Больше речей не было. Мамин расхохотался и громко восхитился:
— Ну и молодчина!
Виктор Петрович Острогорский прочел единственное написанное им стихотворение, которое многие из присутствующих слышали несчетное число раз, но сейчас восприняли с удовлетворением, поскольку разрядилась возникшая неловкость.
Острогорский даже всплакнул от такого безутешного стихотворного конца.
Дмитрий Наркисович вспомнил, как однажды Аленушка, сидя у него на коленях и поглаживая по щеке, очень серьезно сказала:
— Папа, женись, чтоб у меня была мама.
И попала в самое сердце. Он давно и страшно тосковал по собственному гнезду, по семейному очагу. Надоели все эти вечные кочевания из гостей в гости, из ресторана в ресторан. Если бы не работа и не дочь — хоть не живи. «Но как Аленушка? — невесело раздумывал он, — ведь я ей тогда весь не принадлежал бы». В его доме уже какой год живет Ольга Францевна, тетя Оля, как стал он называть ее, подражая дочке, воспитательница Аленушки и домоправительница.
Однажды Дмитрий Наркисович сообщил друзьям, что через две недели он женится.
— Я бы мог жениться на молодой и красивой девушке — таких случаев представляется несколько, но я выбрал тетю Олю, потому что лучшей матери для Аленушки я себе не мог представить. Ведь я живу только для Аленушки!
Все понимали, что дело давно к этому шло. Ольга Францевна цепко держала в своих руках не только дом, но и самого Дмитрия Наркисовича и Аленку, которая с годами стала проявлять характер матери, — была вспыльчива, не могла быстро прощать. Да и Лиза Гейнрих доставляла много хлопот, только успевай поворачиваться.
— Конечно, об африканской страсти тут речи быть не может, — переводил в шутку серьезный разговор Мамин. — Но можете представить: мои будущие родственники-то, немцы, требуют не только официальных визитов, но и ставят мне непременное условие, чтобы к венцу я явился во фраке, а тетя Оля — в белом платье! Я — во фраке… Прошу не присутствовать на торжестве моего позора! Буду умолять об этом и других.
Потапенко грустно сказал Василию Ивановичу Немировичу-Данченко:
— Я это предвидел… Когда Мамин оказывал знаки внимания незнакомым женщинам, дома все вымещалось на Аленушке. Ему это известно… Вот так-то браки творятся на небесах.
В канун свадьбы, как водилось, он устроил «мальчишник», пригласив Михайловского и Фидлера. Во время ужина Дмитрий Наркисович подтрунивал над самим собой в роли венчающегося жениха во фраке, а Фидлера просил явиться в церковь при шпаге и всех орденах:
— Это несколько отвлечет от меня всеобщее внимание да и твое немецкое происхождение будет импонировать невестиным родственникам.

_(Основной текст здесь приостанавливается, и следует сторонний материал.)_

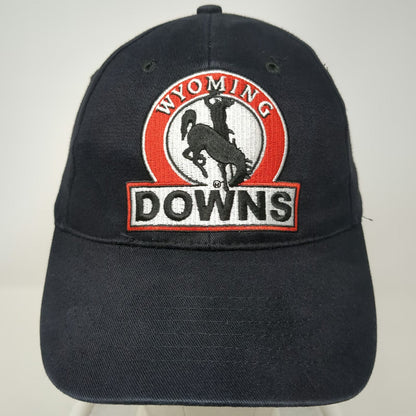 Monarch Baseball Cap Black OSFM Wyoming Downs Horse Racing Logo Strapback Hat
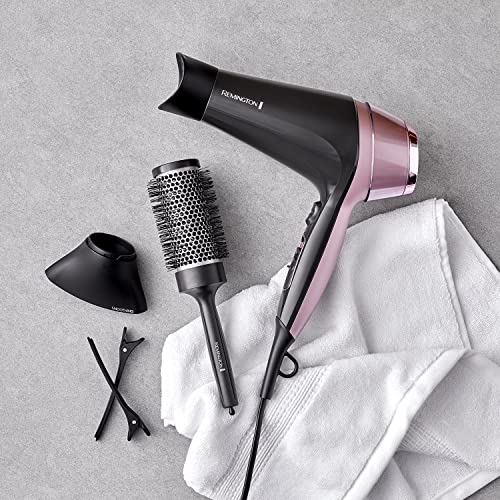 Remington Curl and Straight Confidence Hairdryer, Lightweight Ionic Hair Dryer with Diffuser, Curling Nozzle, Smoothing Nozzle and Hair Brush, D5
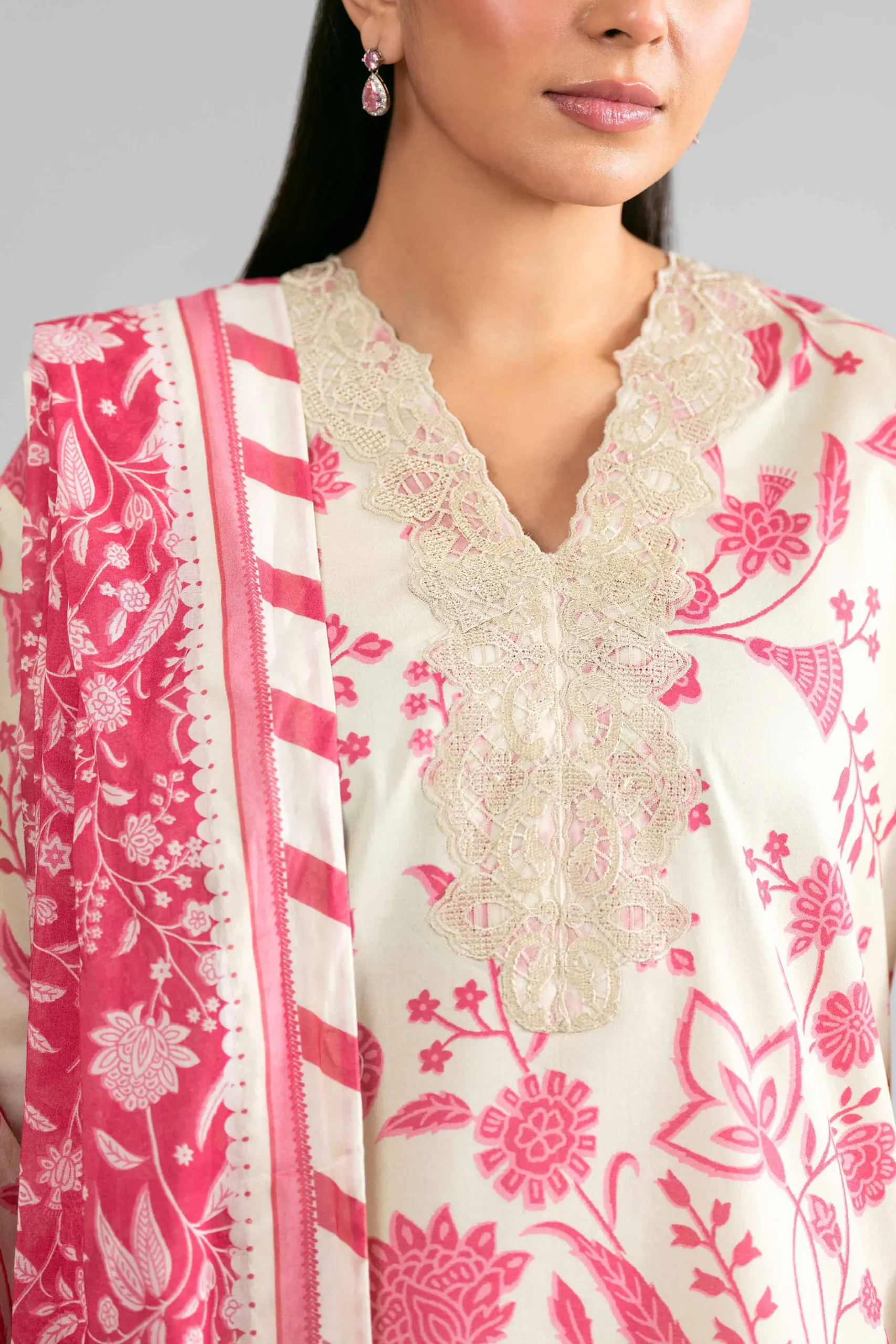 3 Piece - Printed Embroidered Suit - 42601858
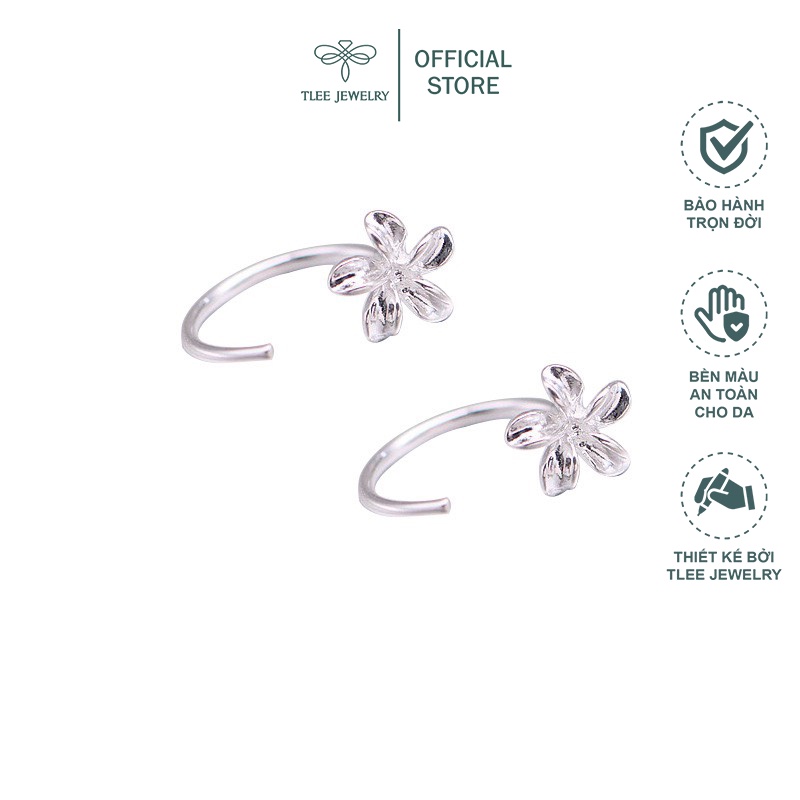 Khuyên tai bạc nữ TLEE hoa sứ mini dáng cong xinh xắn TleeJewelry B0222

— Ольга Францевна — не немка, а француженка, — поправил Фидлер.
Венчание состоялось 6 февраля 1900 года в лютый мороз в церкви Святого Николая на углу Английского проспекта и Торговой улицы. Обычно Мамин носил мягкую цветную рубашку со шнуром вместо галстука. А тут его было не узнать — в безукоризненном фраке и белоснежной крахмальной сорочке, необычно сдержан и сосредоточен. Посаженым отцом был Дмитрий Иванович Тихомиров, специально приехавший из Москвы, а посаженой матерью — Александра Аркадьевна Давыдова. Из приглашенных пришли Короленко, Южаков, Немирович-Данченко, Потапенко, Острогорский, художник — земляк жениха Денисов-Уральский. Со стороны невесты было много родни. После венчания поездом самые близкие родственники и друзья поехали на свадебный обед в Царское.
Жизнь Дмитрия Наркисовича стала размеренной. Случайные лица, особенно осаждавшие его в буфете царскосельского вокзала, были решительно разогнаны, денежные дела, прежде находившиеся в расточительном состоянии, приведены в порядок. Семейная жизнь явно пошла ему на пользу — он подтянулся, посвежел лицом, а в гости к жениной родне ездил непременно в новой енотовой шубе и цилиндре, имея весьма элегантный вид. Хотя ему страшно хотелось сбросить все это одеяние салонного льва, снова обернуться в лесного медведя и пойти в ближайшую бильярдную.